Dann kommt langsam Bewegung in die Starre. Es wird oft geschossen und manchem die Kehle durchgeschnitten oder mitunter auch nur fast. Selbst der altersweise Zaccaria setzt Abigaille das Messer an den Hals, besinnt sich aber und verhindert anschließend, dass ein Jugendlicher sie ersticht. Spätestens, als der junge Ismaele von den eigenen Leuten gesteinigt werden soll, weiß man, warum bisher so viele Steine in des Tempels Mitte herumlagen. Wenn die Juden von Nabucco singen „Er steigt nicht mal vom Pferd herab“, entsteigt dieser einem Militärjeep, aus dem später ein geschächteter Riesen-Stier entladen wird und, an die Decke gehängt, lange im Sichtfeld bleibt. Abigail wirft die Brandflasche in den Tempel der Juden, wo dann (nur) friedliche Feuer in metallenen Kübeln brennen (Brandschutz). Da gibt es aber andere Möglichkeiten, um einen brennenden Tempel darzustellen! Für wen wird da eigentlich eine Oper inszeniert? Wer so etwas sehen will, geht doch nicht in die Oper, sondern lieber ins Kino!

Die Kostüme von Meentje Nielsen verraten wenig Fantasie. Die Protagonisten sind noch einigermaßen in charakterisierendes Outfit gehüllt, der Chor aber wieder in die übliche Alltagskleidung, manche Herren sogar mit Krawatte – und das in der Gefangenschaft, auch wenn es sich um Intellektuelle handeln soll.

„Nabucco“ ist aber nicht nur eine Oper über Religionen und Krieg, sondern auch des Belcanto, ein Stück für Gesangsstars. Saioa Hernández brachte als Abigaille für ihre anspruchsvolle Partie genügend Empörung, Herrschaftsanspruch und Kampfgeist um den Thron mit und meisterte die expressiven Belcanto-Arien mit viel Kondition, Bravour und Verve. Trotzdem musste sie noch als militante Kämpferin auftreten, mit der Maschinenpistole in die Luft schießen und sich selbst den Revolver an die Schläfe halten.

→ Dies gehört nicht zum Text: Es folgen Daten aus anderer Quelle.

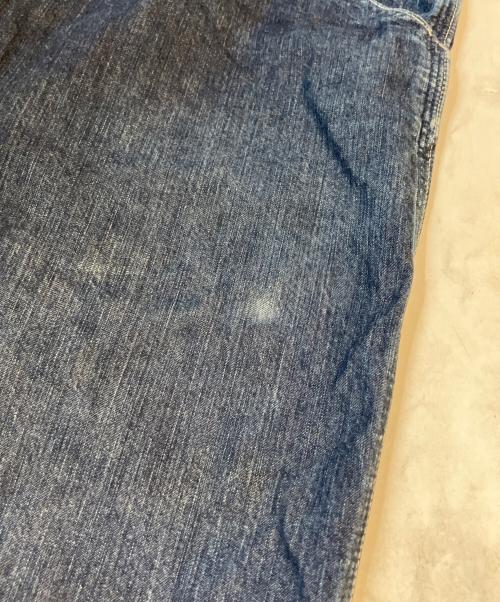 AURALEE（オーラリー）AURALEE (オーラリー) デニムパンツ/HARD TWIST LIGHT DENIM PANTS A21SP02LD インディゴ サイズ:5の古着・服飾アイテム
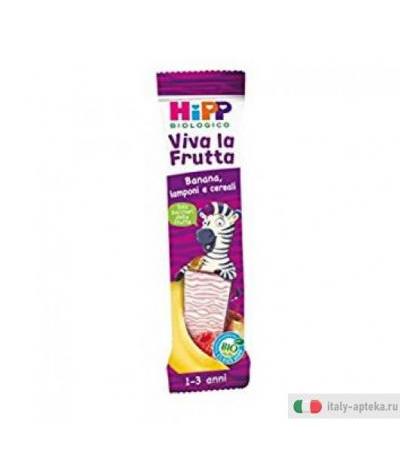 Hipp Barretta Viva la Frutta banana lamponi e cereali 23g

Vitalij Kowaljow gestaltete die Rolle des Zaccaria gesanglich sehr überzeugend, ohne Hürden und mit profunder Tiefe. Byung Gil Kim (für den erkrankten Alexandros Stavrakakis) war der Oberpriester des Baal. Das Liebespaar, das in solchen Opern die Sympathie-Rollen verkörpert, erschien hier mit Christina Bock als Sympathieträgerin Fenena und Massimo Giordano  als Ismaele trotz gutem Gesang weniger dominant und leidenschaftlich. Der Chor der Sächsischen Staatsoper sang unter Jörn Hinnerk Andresen großartig von expressiv bis hinreißend schön – auch den Gefangenenchor Va, pensiero“, der sonst die Besucher anzieht, hier aber aufgrund großartiger sängerischer Leistungen nicht dominierte. Wenn es auch in dieser Inszenierung weniger zur Geltung kam, endet die Oper doch mit einem allgemeinen happy end. Für die glücklichen Besucher, die um den Auftritt des Domingo gebangt hatten, bestand das happy end aber vor allem darin, dass er bis zu Ende gesungen hatte – und wie!